9. Miller Airfield

In New Dorp, Staten Island, on the southeastern waterfront of the borough is a decommissioned airfield used for half a century by the U.S. Army from 1919 to 1969. Part of the Gateway National Recreation Area today, Miller Field is one of those remaining anomalies: where formal activities co-exist side by side with quasi-accessible remnants of the past. Bicycle and pedestrian paths wind around abandoned hangars, a lighthouse, and a control tower. You can get tantalizingly close to the forgotten structures, despite a chain link fence. Graffiti work inside clearly shows the ease with which explorers can jump the barriers. Grass and weeds are growing around the hangars, while geese and ducks are bathing undisturbed in the makeshift urban ponds where seaplanes once taxied. On the northern area of the site, people are still living in adorable clapboard homes built for military personnel and their families.

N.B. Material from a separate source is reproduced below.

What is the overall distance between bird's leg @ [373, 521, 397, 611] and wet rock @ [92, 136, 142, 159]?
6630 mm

Miller Field has the distinction of being the only Air Coast Defense station in New York City, and on the entire eastern seaboard. There were seven planned defense stations, but this was the only one actually constructed. Before its decommission, Miller Field was the last airport in New York City to have a grass runway. The land also has a very New York City, Gilded Age past. The airfield was built atop the family farm amassed by “Commodore” Cornelius Vanderbilt, who was born on the north shore of Staten Island. The farm, which also served as a horse breeding station, was later operated by his son George Washington Vanderbilt who built the Biltmore estate in Asheville, North Carolina. Washington Vanderbilt moved the 24-room home built by his father, dubbed the “white house” to the center of the farm in the early 1900s and lived there periodically until he died in 1914, according to the National Park Service.